Orthopaedic training varies from one country to another within Europe; the way orthopaedic care is provided in each country also varies accordingly. When uniform rules within the EU are being established, it is vital to establish training programmes that will meet the requirements of each country as well as requirements to practise all over Europe. In 2000 the first European Board of Orthopaedics and Traumatology (EBOT) exam was established in Greece with the goal of creating a uniform method of evaluation in Europe. But it is first necessary to provide the applicants with material to study and enhance their knowledge so that they can prepare for the examination.

EFORT’s role
The European Federation of the National Associations of Orthopaedics and Traumatology (EFORT) is responsible for looking into these problems and works to standardise the different teaching programmes, while assuring the feasibility of national programmes. It is also important to launch specialised courses in the different branches of orthopaedics and, in particular, paediatric orthopaedics.

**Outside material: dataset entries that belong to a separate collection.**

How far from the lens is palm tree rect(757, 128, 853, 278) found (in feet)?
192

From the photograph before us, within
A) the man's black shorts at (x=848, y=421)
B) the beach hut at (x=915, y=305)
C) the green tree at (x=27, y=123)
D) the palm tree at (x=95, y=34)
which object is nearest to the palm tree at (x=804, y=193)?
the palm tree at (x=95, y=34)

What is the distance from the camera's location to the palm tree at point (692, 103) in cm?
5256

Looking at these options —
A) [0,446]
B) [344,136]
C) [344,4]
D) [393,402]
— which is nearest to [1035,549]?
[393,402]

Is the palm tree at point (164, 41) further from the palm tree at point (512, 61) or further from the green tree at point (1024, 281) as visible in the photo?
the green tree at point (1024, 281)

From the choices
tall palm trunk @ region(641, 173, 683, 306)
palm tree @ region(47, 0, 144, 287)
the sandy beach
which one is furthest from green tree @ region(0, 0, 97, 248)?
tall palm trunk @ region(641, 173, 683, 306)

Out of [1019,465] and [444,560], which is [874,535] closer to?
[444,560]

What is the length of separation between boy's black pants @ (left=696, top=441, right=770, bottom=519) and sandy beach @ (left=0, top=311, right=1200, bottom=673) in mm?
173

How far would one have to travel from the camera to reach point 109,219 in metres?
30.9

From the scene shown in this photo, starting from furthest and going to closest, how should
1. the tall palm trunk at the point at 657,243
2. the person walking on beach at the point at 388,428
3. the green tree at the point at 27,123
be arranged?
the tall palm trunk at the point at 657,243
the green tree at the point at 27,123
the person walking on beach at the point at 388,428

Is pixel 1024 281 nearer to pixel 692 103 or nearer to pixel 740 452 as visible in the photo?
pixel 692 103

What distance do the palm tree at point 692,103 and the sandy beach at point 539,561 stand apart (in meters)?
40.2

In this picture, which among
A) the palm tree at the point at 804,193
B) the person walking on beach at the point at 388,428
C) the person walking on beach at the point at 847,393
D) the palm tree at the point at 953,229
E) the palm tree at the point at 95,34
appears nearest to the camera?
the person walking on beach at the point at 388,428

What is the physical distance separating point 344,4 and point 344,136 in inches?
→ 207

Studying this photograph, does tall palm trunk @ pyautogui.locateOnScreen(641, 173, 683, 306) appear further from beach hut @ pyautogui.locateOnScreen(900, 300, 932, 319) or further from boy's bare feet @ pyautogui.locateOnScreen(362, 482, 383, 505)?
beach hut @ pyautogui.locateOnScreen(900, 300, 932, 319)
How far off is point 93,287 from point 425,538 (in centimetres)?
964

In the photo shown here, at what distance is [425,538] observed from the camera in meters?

This is why EFORT is working with the “pyramid concept”: it consists of a series of events, starting from the basic principles directed at residents and operating room personnel, and ending with the experts. This concept relies on the experience of the instructors for each level of teaching and it should be practically oriented. The cooperation of specialty associations is fundamental to the success of such a teaching programme. They represent the highest scientific knowledge in every subspecialty, and can offer the most valuable contribution towards designing and producing the programme.

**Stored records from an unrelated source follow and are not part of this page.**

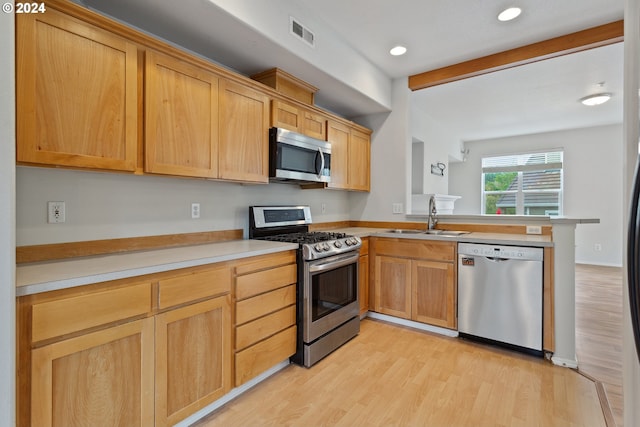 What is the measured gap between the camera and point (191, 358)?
1.68 meters

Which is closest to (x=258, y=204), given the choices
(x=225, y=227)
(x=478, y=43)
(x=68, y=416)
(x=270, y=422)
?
(x=225, y=227)

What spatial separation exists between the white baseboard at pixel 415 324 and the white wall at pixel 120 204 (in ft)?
5.63

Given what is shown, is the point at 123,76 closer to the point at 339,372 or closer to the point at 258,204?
the point at 258,204

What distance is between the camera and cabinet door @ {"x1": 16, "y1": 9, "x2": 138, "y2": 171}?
1350mm

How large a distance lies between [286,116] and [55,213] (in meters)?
1.73

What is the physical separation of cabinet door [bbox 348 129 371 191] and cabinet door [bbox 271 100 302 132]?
958 mm

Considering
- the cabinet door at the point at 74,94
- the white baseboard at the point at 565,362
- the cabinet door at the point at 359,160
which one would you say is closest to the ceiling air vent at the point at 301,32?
the cabinet door at the point at 74,94

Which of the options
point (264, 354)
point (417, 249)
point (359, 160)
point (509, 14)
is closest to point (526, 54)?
point (509, 14)

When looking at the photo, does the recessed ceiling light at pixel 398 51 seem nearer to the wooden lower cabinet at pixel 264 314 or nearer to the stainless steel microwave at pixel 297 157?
the stainless steel microwave at pixel 297 157

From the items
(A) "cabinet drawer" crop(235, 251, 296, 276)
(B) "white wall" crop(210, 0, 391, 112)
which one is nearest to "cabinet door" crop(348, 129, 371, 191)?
(B) "white wall" crop(210, 0, 391, 112)

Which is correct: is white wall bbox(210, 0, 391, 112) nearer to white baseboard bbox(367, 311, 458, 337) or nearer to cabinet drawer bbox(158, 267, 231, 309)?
cabinet drawer bbox(158, 267, 231, 309)

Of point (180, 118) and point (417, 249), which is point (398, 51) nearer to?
point (417, 249)

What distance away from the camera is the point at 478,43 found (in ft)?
9.67

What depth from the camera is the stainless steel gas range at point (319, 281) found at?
2346 millimetres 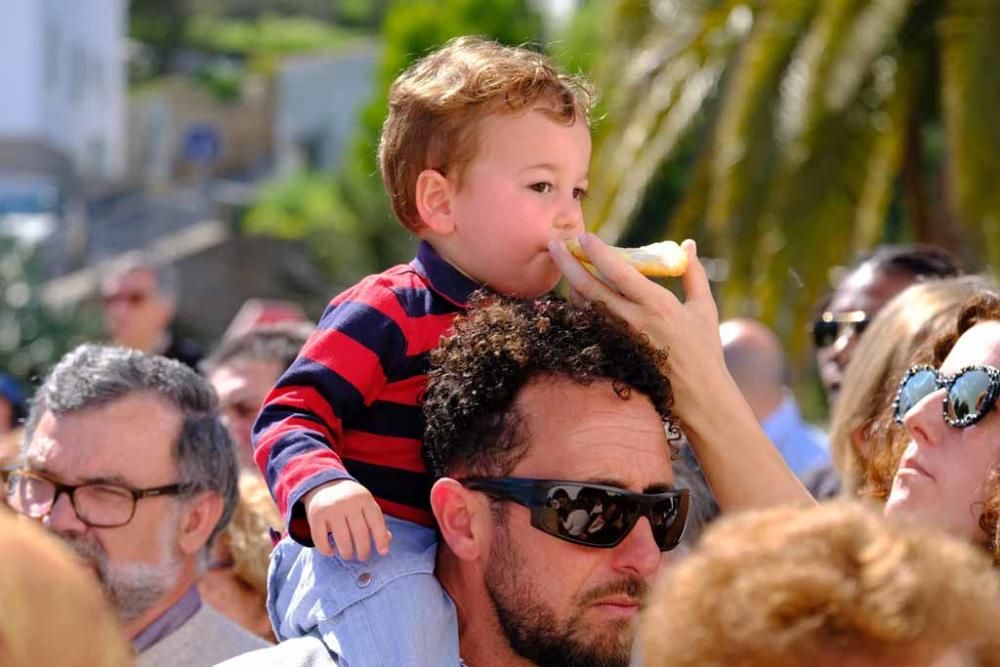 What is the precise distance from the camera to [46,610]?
1.90 m

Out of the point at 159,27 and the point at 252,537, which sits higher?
the point at 252,537

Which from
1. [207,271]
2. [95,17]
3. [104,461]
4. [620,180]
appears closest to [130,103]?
[95,17]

Next year EFORT is launching a programme in collaboration with UEMS with the aim of providing residents throughout Europe with the right material for preparing for the final EBOT exam, particularly in the children’s field. These courses can be repeated in different regions of Europe, with the aim of spreading information as much as possible.

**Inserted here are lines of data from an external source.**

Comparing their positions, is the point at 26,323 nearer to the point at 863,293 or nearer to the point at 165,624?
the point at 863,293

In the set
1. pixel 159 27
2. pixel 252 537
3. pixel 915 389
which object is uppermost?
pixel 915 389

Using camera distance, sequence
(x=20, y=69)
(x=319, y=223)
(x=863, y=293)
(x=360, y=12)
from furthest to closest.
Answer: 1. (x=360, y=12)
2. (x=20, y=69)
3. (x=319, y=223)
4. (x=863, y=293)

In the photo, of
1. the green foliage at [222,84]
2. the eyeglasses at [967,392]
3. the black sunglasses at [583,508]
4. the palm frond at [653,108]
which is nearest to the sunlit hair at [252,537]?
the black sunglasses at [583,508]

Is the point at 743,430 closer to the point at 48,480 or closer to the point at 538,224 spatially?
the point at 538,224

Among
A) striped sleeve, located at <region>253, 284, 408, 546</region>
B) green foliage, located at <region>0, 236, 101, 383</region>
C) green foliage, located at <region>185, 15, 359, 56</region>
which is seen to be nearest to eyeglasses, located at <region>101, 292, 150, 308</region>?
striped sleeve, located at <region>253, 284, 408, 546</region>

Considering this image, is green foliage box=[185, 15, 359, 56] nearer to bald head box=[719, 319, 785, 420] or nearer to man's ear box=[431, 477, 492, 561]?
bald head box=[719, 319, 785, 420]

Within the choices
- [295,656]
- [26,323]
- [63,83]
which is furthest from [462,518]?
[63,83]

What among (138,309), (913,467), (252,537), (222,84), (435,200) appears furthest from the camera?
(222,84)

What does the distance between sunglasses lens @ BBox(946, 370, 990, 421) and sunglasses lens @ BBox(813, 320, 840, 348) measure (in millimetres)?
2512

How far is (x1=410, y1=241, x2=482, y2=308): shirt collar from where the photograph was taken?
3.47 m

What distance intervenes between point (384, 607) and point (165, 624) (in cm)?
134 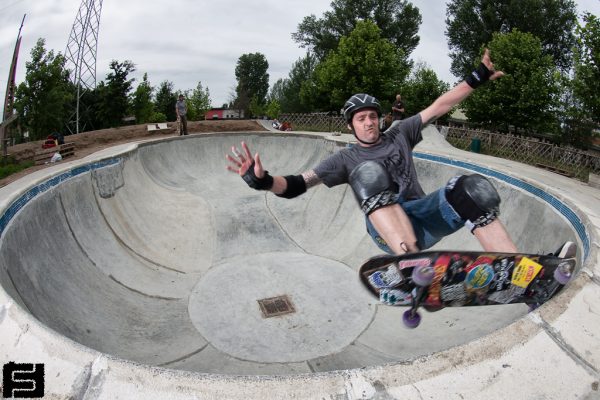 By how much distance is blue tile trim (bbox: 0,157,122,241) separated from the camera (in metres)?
5.95

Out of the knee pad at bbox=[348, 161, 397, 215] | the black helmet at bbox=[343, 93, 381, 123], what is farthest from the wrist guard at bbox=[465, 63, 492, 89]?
the knee pad at bbox=[348, 161, 397, 215]

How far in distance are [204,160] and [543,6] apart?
40.6 metres

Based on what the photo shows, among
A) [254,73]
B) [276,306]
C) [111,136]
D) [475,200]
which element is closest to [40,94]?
[111,136]

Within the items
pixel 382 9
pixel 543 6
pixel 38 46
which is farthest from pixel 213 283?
pixel 382 9

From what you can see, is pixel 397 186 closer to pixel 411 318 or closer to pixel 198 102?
pixel 411 318

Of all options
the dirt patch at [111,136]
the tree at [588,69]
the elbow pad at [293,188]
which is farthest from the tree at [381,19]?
the elbow pad at [293,188]

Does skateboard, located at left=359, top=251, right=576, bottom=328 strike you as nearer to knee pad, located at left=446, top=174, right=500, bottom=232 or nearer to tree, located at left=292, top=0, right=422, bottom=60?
knee pad, located at left=446, top=174, right=500, bottom=232

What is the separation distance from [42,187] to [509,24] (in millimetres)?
45966

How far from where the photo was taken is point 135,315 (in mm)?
7230

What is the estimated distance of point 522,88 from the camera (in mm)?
24000

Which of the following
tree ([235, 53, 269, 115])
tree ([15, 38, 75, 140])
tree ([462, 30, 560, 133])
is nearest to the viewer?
tree ([15, 38, 75, 140])

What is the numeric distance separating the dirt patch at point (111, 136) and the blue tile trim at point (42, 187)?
3.70m

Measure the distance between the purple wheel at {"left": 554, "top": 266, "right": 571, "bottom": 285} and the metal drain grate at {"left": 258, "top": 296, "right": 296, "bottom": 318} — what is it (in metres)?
4.94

European orthopaedic surgeons must be aware that we have to prepare orthopaedic surgeons to deal with special children’s conditions. It is becoming increasingly difficult to find the right surgeon for each specific problem. The European Paediatric Orthopaedic Society (EPOS) will be called upon to provide resources for launching the “ExMex” (Experts meet the Expert) programme. These courses will be designed for a small group of participants, focusing on clinical aspects and hands-on exercises.  With these courses we hope to have highly educated surgeons in the field of paediatric orthopaedics in the years to come.

Further reading

  1. Wenger DR, Rang M. Art and practice of children’s orthopaedics. New York: Raven Press; 1992
  2. Fazzi E, Maraucci I, Torrielli S, Motta F, Lanzi G. Factors predicting the efficacy of botulinum toxin-A treatment of the lower limb in children with cerebral palsy. J Child Neurol 2005;20:661-6.
  3. Hell AK, Campbell RM, Hefti F. The vertical expandable prosthetic titanium rib implant for the treatment of thoracic insufficiency syndrome associated with congenital and neuromuscular scoliosis in young children. J Pediatr Orthop B 2005;14:287-93.
  4. Feldman DS, Madan SS, Koval KJ, van Bosse HJ, Bazzi J, Lehman WB. Correction of tibia vara with six-axis deformity analysis and the Taylor Spatial Frame. J Pediatr Orthop 2003;23:387-91.